▶ _INSTRUCTIONS TO FOLLOW_: In the entries below, copy only the lines from the one that contains "Burberry black leather" through the last line, exactly, and omit any pictures.

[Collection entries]

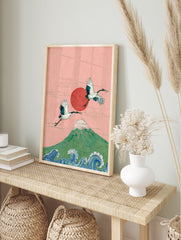 Japanese wall art featuring two majestic cranes flying over Mount Fuji with a red sun and ocean waves, on a pink background. - Image 3
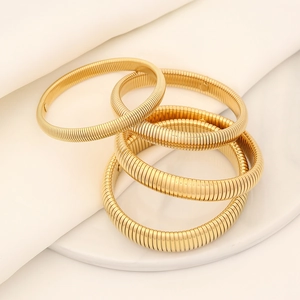 Set of four gold-colored elastic spiral bracelets with ribbed texture on white silk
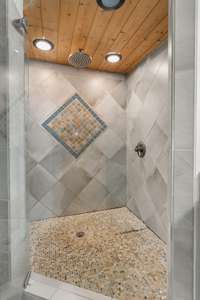 Spa-like walk-in tile shower with rain shower head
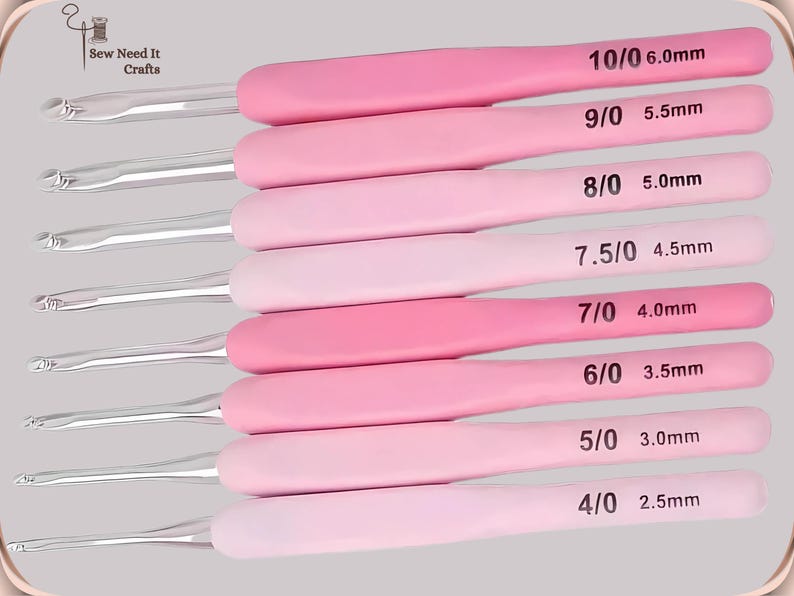 May include: A collection of eight crochet hooks with pink handles and silver hooks. Sizes range from 2.5mm to 6.0mm, each labelled with its size. The handles are in varying shades of pink.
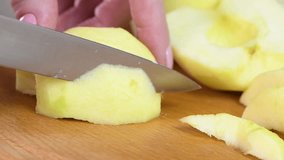 Cut a peeled apple into slices to prepare a French apple pancake recipe. One of part of a series of video recipes. Real time, close-up.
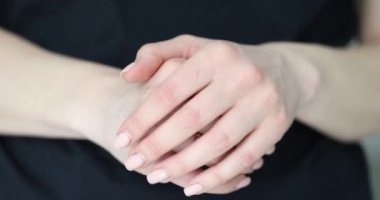 Kadın nazikçe elini okşar ve düzgün tırnaklarını ve yüzüğünü gösterir. Kişisel bakım kavramları ve durgunluk ve rahatlama anı.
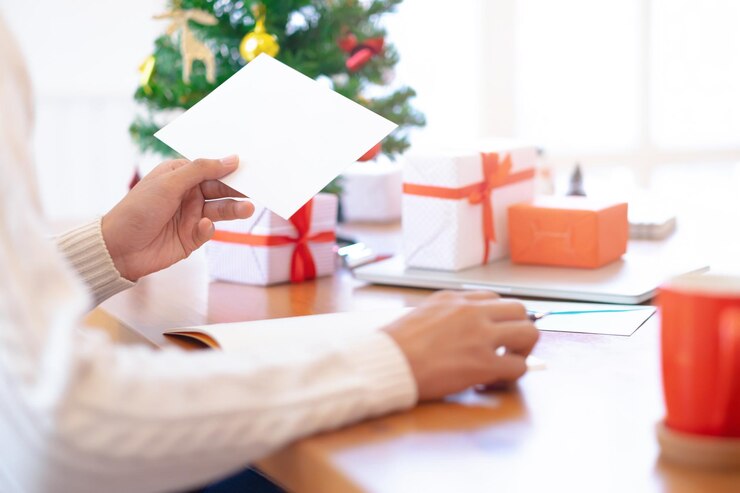 cropped-hand-woman-holding-blank-paper-table-christmas_1048944-9434469 - Champagne Life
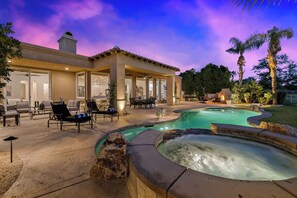 Una casa con piscina, mobiliario exterior y jacuzzi.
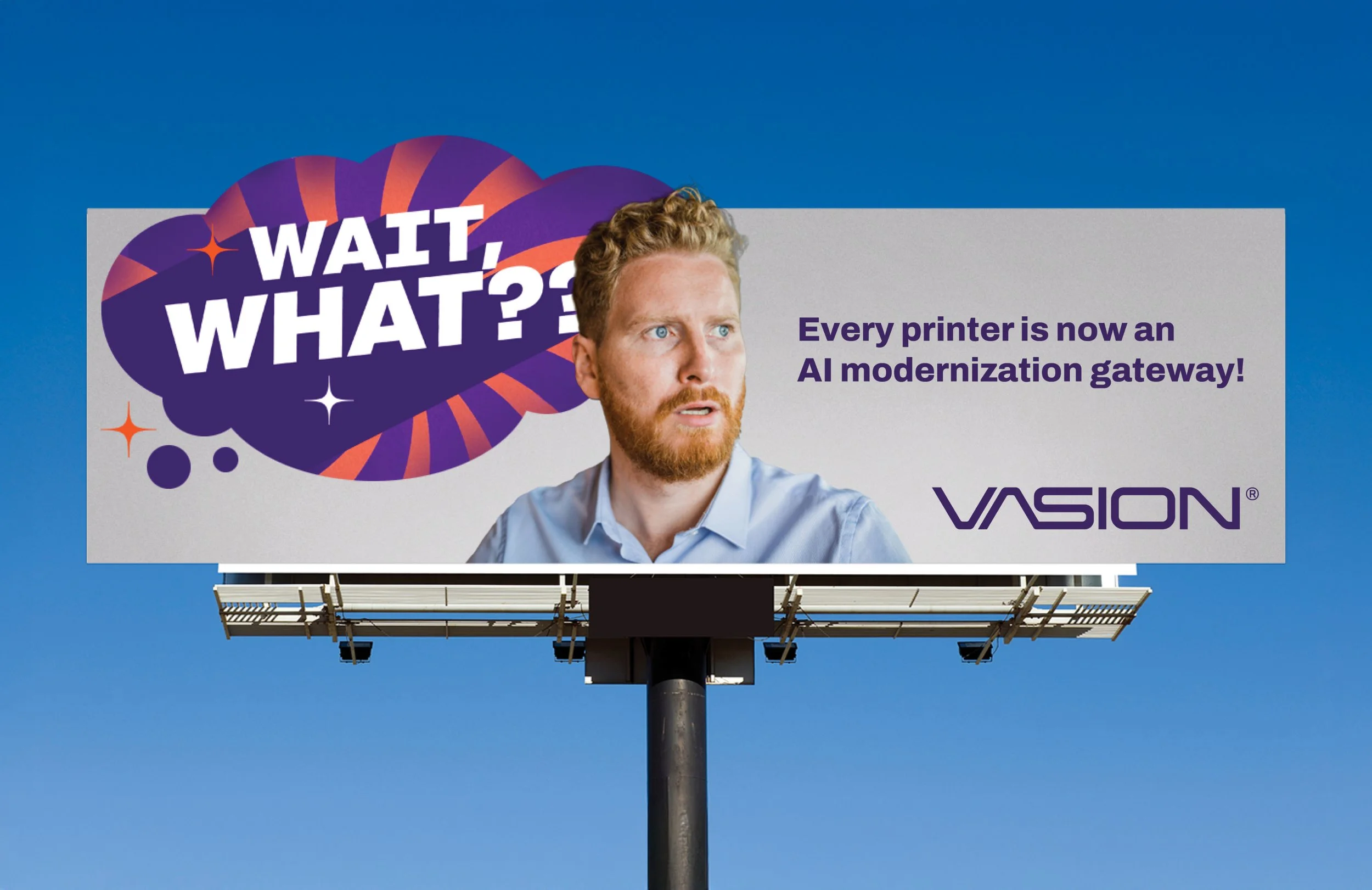 Billboard with a man with red hair and beard looking to the side, text saying 'Wait, What??' in purple and white, and additional purple text about printers being AI modernization gateways, with a blue sky background.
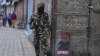 An Indian soldier stands guard during a lockdown in Srinagar, Nov. 5, 2019.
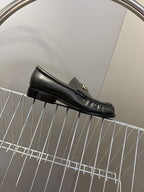 Burberry black leather loafer side profile with apron seam and low heel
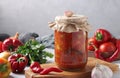 Vegetable salad with eggplant, carrot, peppers, onion and tomatoes in glass jar on wooden board, horizontal format. Closeup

▶ _WRITTEN REPLY_:
 Burberry black leather loafer side profile with apron seam and low heel
 Vegetable salad with eggplant, carrot, peppers, onion and tomatoes in glass jar on wooden board, horizontal format. Closeup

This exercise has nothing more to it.